Task brief: Every entry in the following listing must be restated word for word, though not its pictures.

Supplied entries:
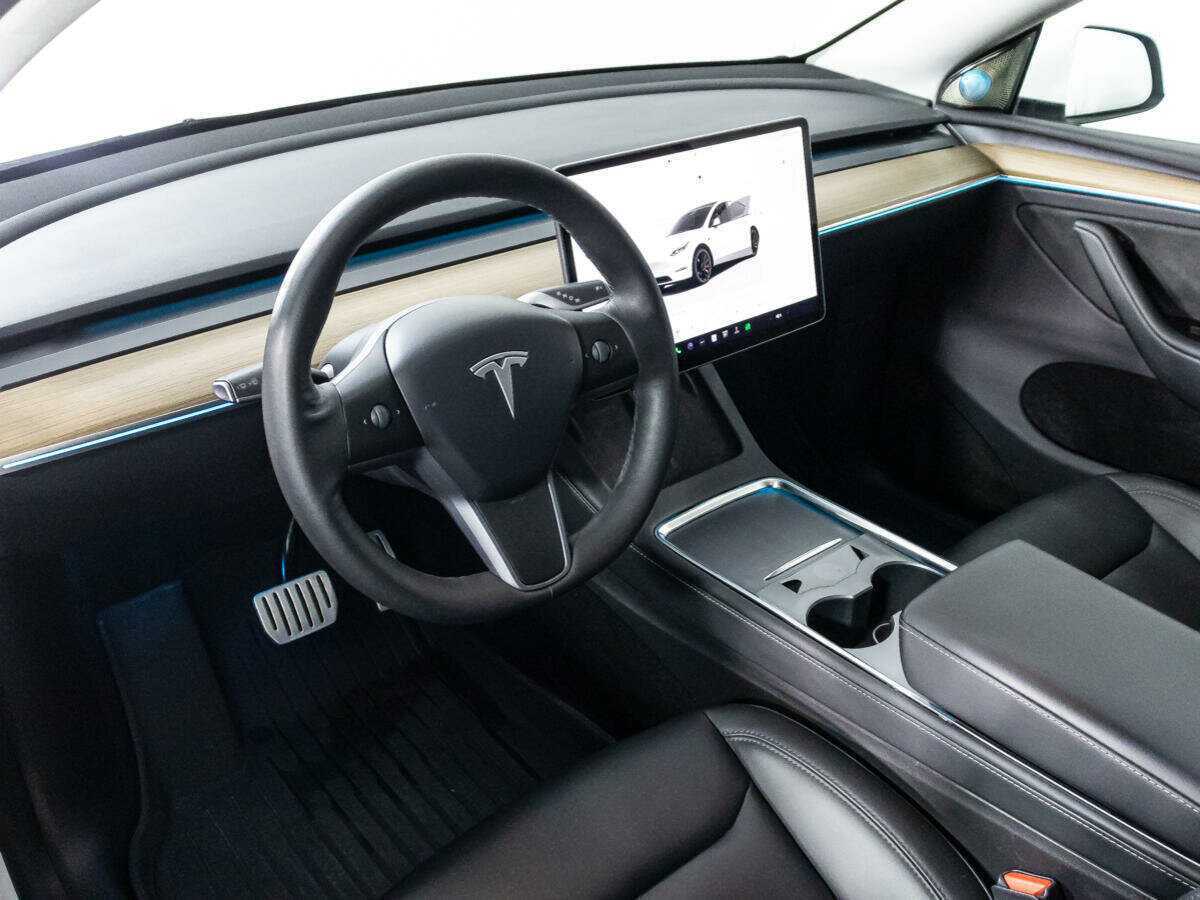 Tesla Model Y Performance, 2022 Фото №11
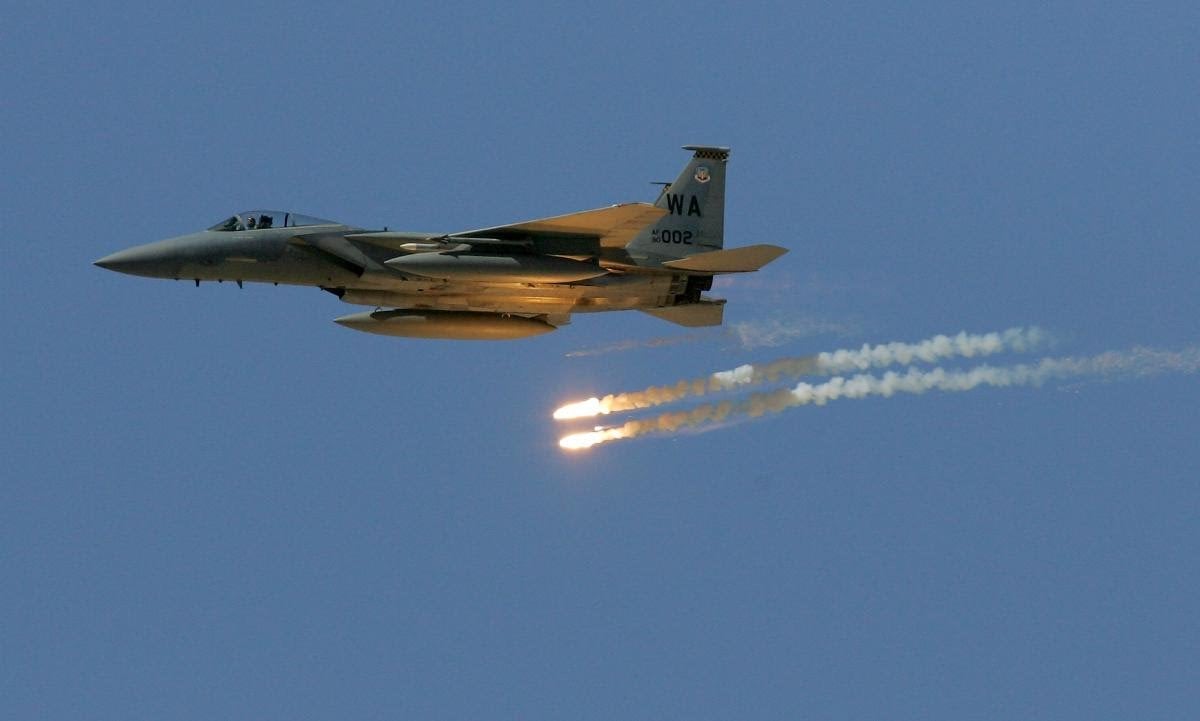 الطيران الروسي والسوري ينفذان غارات جوية على إدلب وريفها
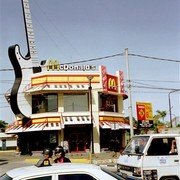 McDonald's op z'n Elvis.    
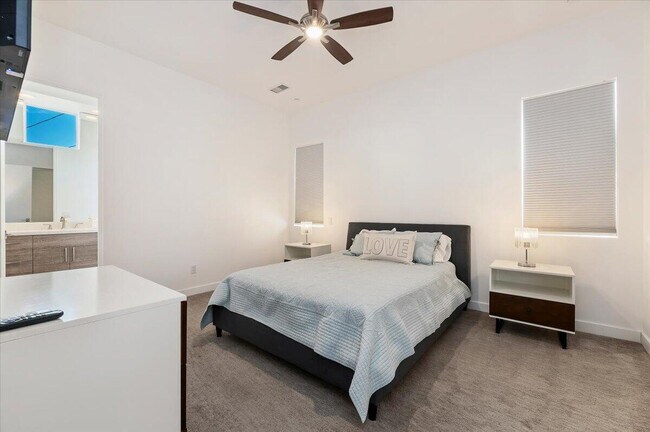 Building Photo - 53900 Avenida Ramirez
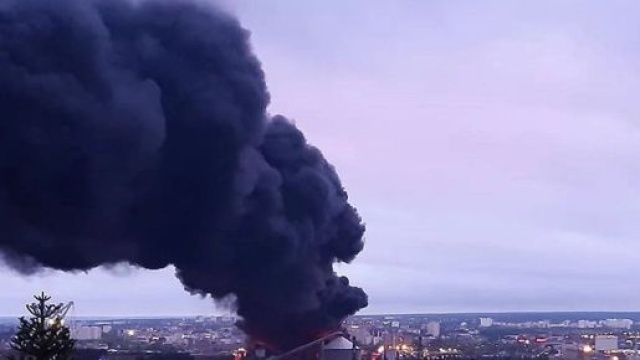 Panache de fum&eacute;e suite &agrave; l'incendie de l'usine Lubrizol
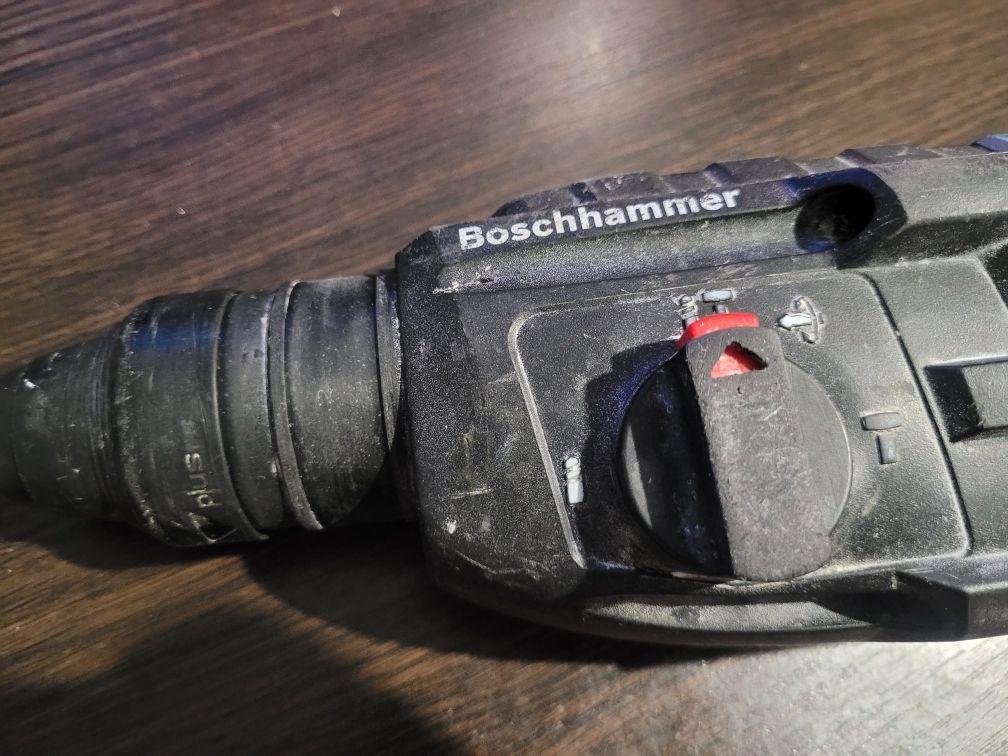 Перфоратор Bosch GBH 240 під ремонт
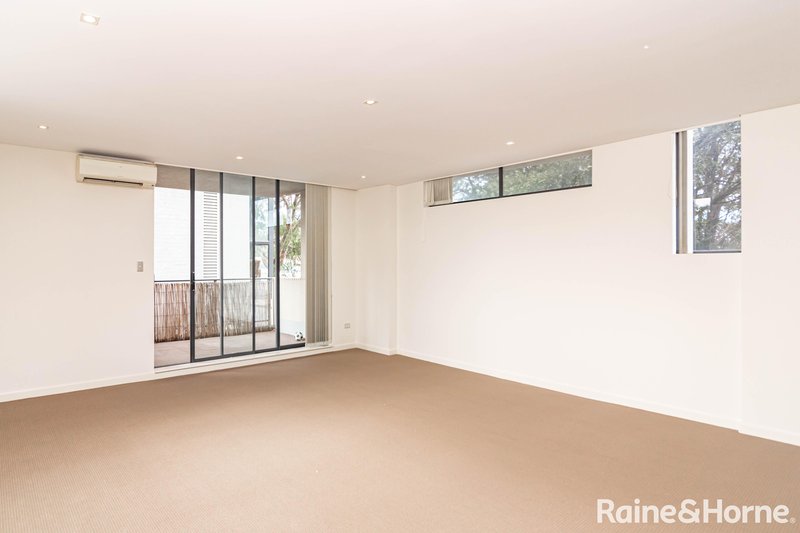 Photo - 13/88 James Ruse Drive, Rosehill NSW 2142 - Image 3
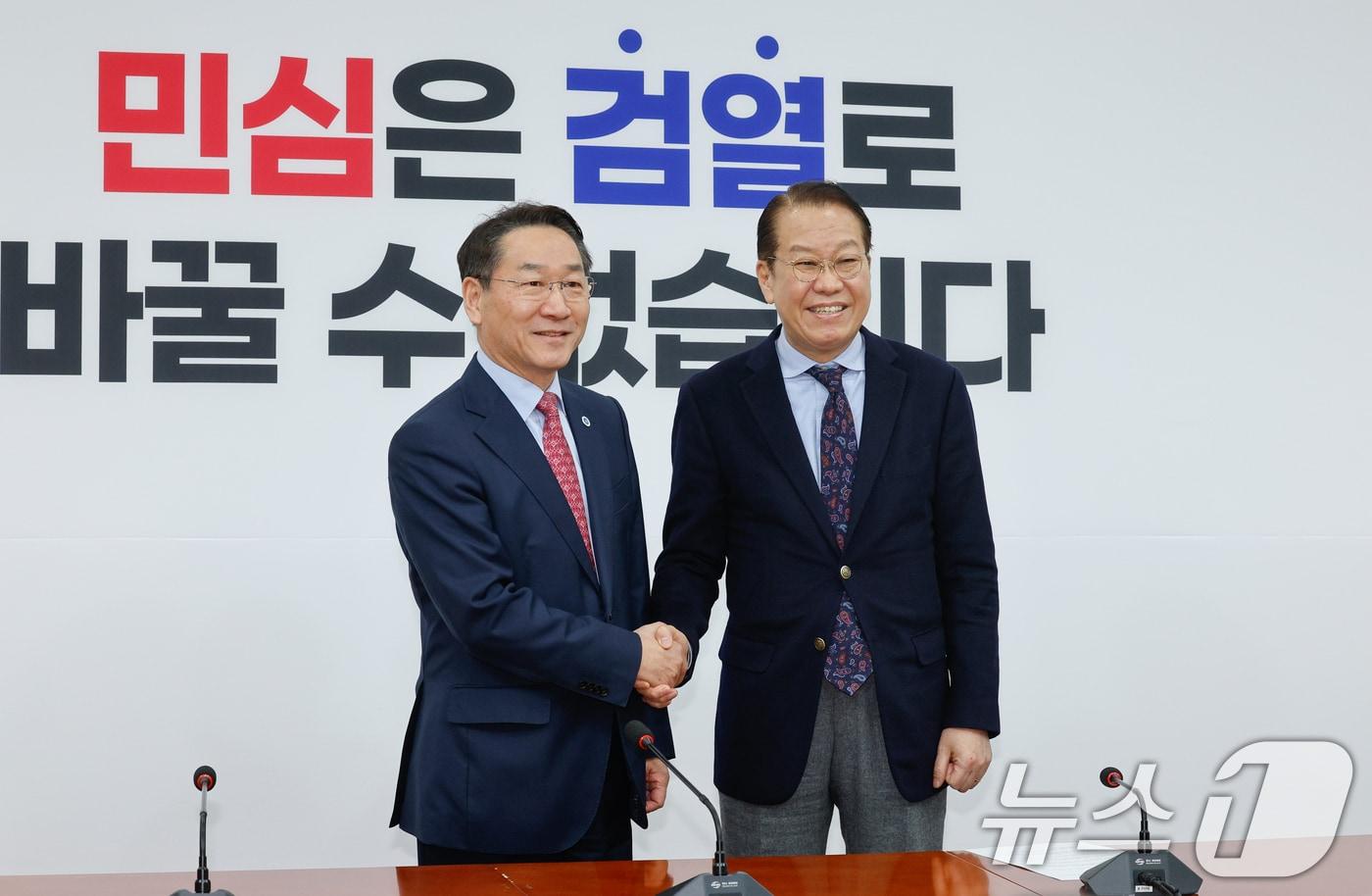 권영세 국민의힘 비상대책위원장&#40;오른쪽&#41;이 5일 서울 여의도 국회에서 대한민국시도협의회장인 유정복 인천시장을 접견하고 있다. 2025.2.5/뉴스1 ⓒ News1 안은나 기자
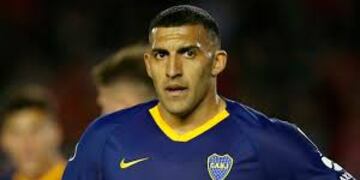 Vecinos de Remedios de Escalada aseguran que Wanchope estuvo en la fiesta, cantó y se quedó hasta muy tarde.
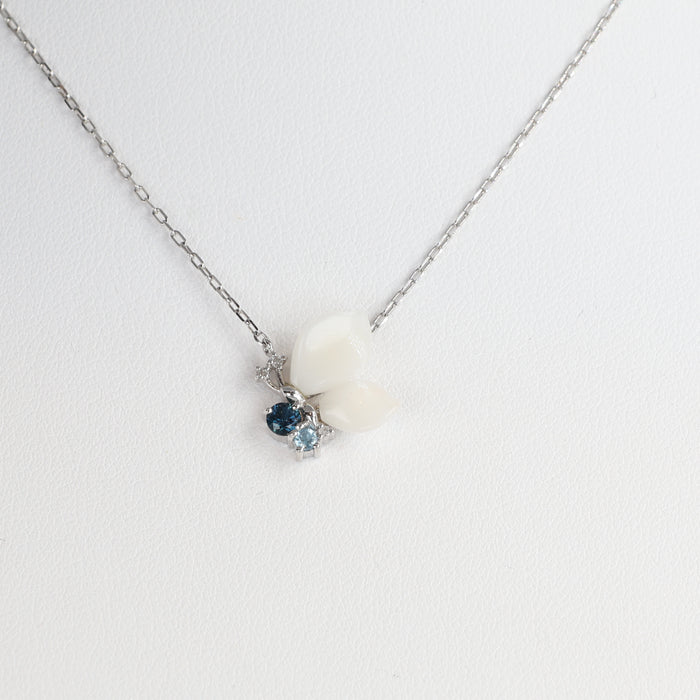 Pendente in Oro Bianco 18kt con Corallo Bianco, Zaffiri, Topazio, Quarzo e Diamanti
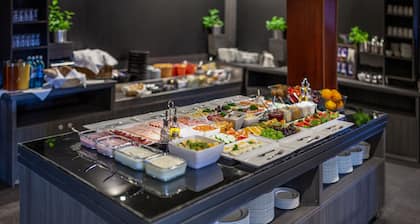 SL'otel im Parforcehaus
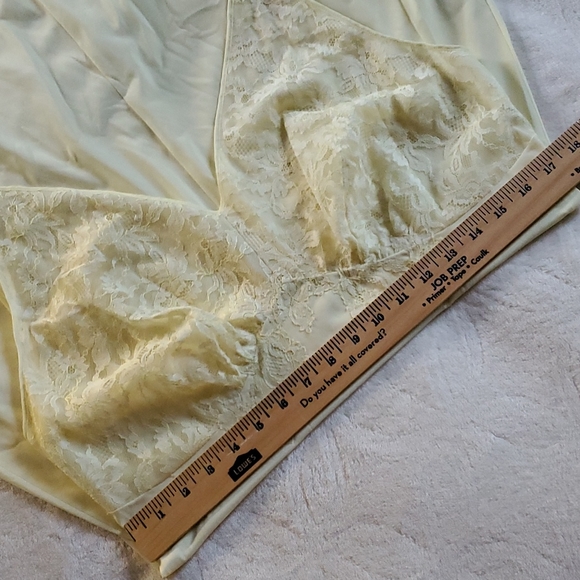 Vintage Vanity Fair full length nightgown - Picture 7 of 10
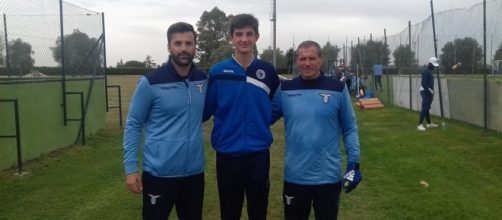 Il portiere Failla insieme ai due preparatori biancocelesti, Adalberto Grigioni e Matteo Bonavolontà.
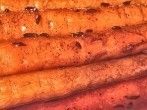 Neue Karotten karamellisiert - ein k&ouml;stliches Gem&uuml;segericht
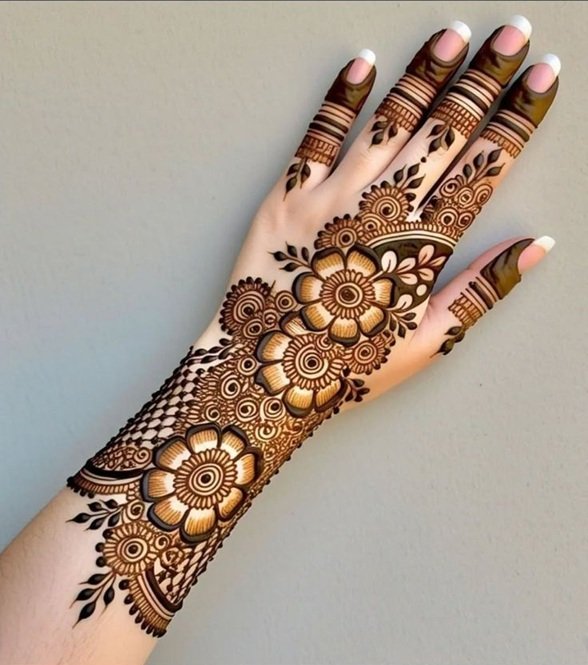 Box Mehndi Design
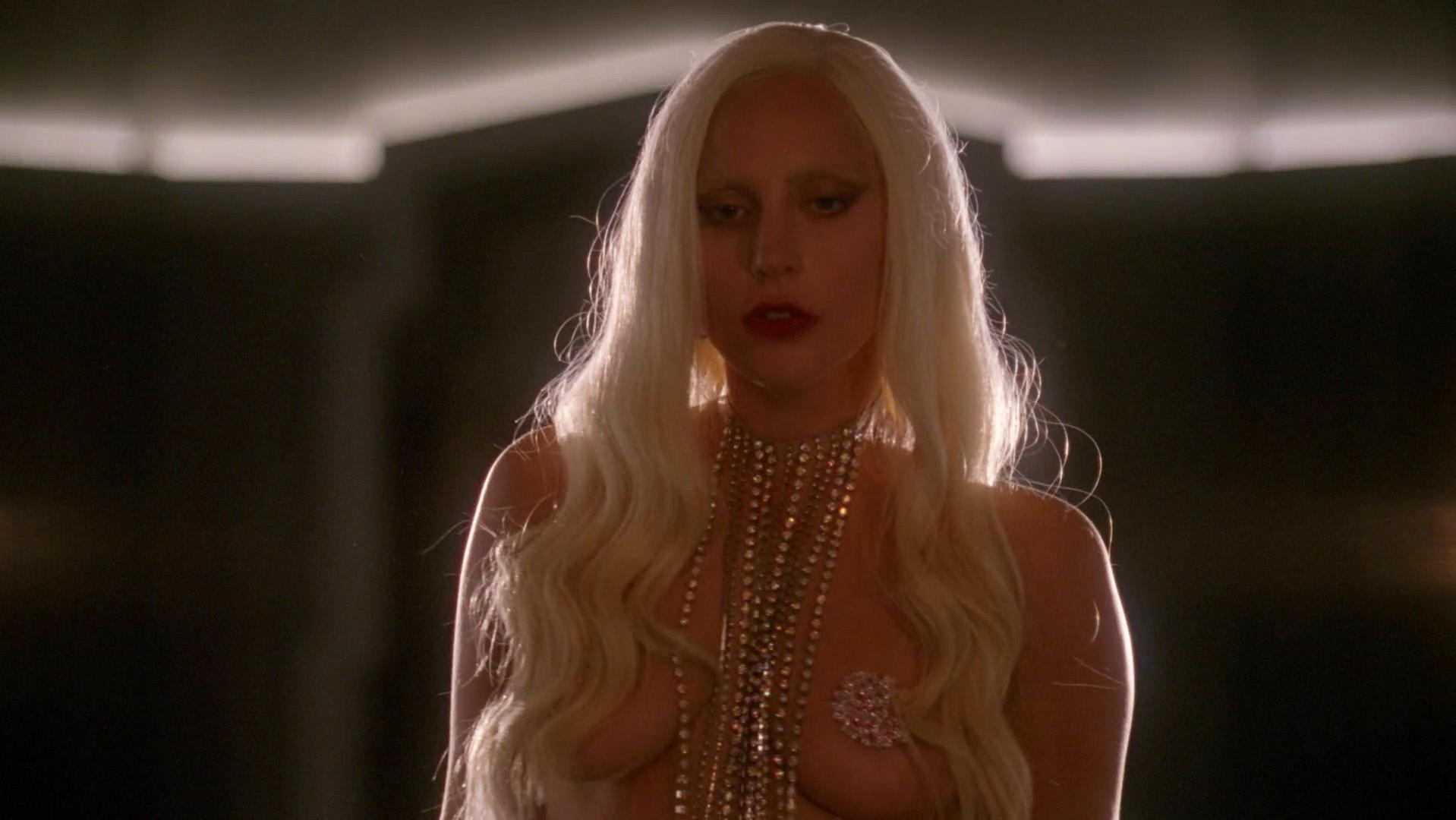 Lady Gaga sexy, Chasty Ballesteros sexy - American Horror Story s05e01 (2015)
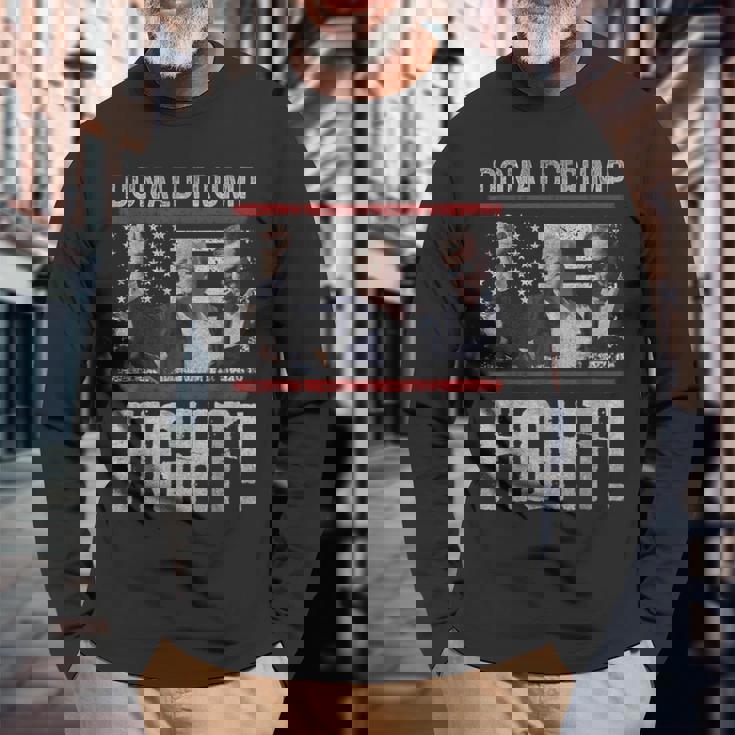 ドナルド・トランプ拳ポンプ We Fight American Flag Trump 2024 長袖Tシャツ 高齢者への贈り物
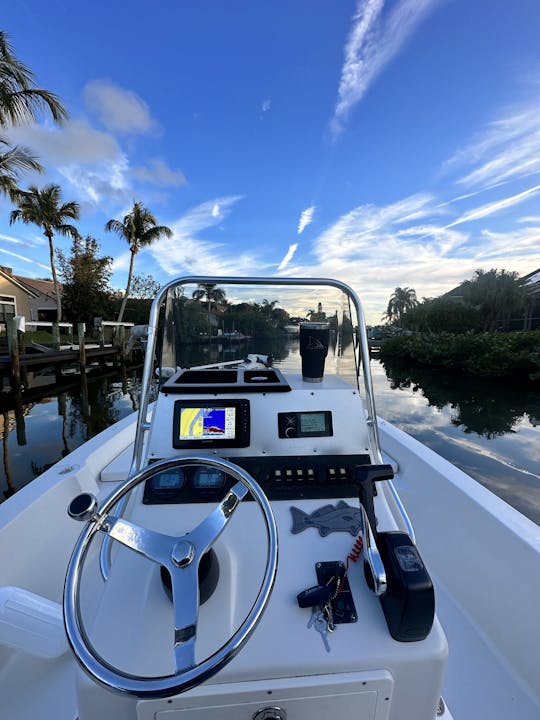 Excursions au lagon de l'Indian River à bord d'un bateau Pathfinder 2200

Exercise result:
 Tesla Model Y Performance, 2022 Фото №11
 الطيران الروسي والسوري ينفذان غارات جوية على إدلب وريفها
 McDonald's op z'n Elvis.    
 Building Photo - 53900 Avenida Ramirez
 Panache de fum&eacute;e suite &agrave; l'incendie de l'usine Lubrizol
 Перфоратор Bosch GBH 240 під ремонт
 Photo - 13/88 James Ruse Drive, Rosehill NSW 2142 - Image 3
 권영세 국민의힘 비상대책위원장&#40;오른쪽&#41;이 5일 서울 여의도 국회에서 대한민국시도협의회장인 유정복 인천시장을 접견하고 있다. 2025.2.5/뉴스1 ⓒ News1 안은나 기자
 Vecinos de Remedios de Escalada aseguran que Wanchope estuvo en la fiesta, cantó y se quedó hasta muy tarde.
 Pendente in Oro Bianco 18kt con Corallo Bianco, Zaffiri, Topazio, Quarzo e Diamanti
 SL'otel im Parforcehaus
 Vintage Vanity Fair full length nightgown - Picture 7 of 10
 Il portiere Failla insieme ai due preparatori biancocelesti, Adalberto Grigioni e Matteo Bonavolontà.
 Neue Karotten karamellisiert - ein k&ouml;stliches Gem&uuml;segericht
 Box Mehndi Design
 Lady Gaga sexy, Chasty Ballesteros sexy - American Horror Story s05e01 (2015)
 ドナルド・トランプ拳ポンプ We Fight American Flag Trump 2024 長袖Tシャツ 高齢者への贈り物
 Excursions au lagon de l'Indian River à bord d'un bateau Pathfinder 2200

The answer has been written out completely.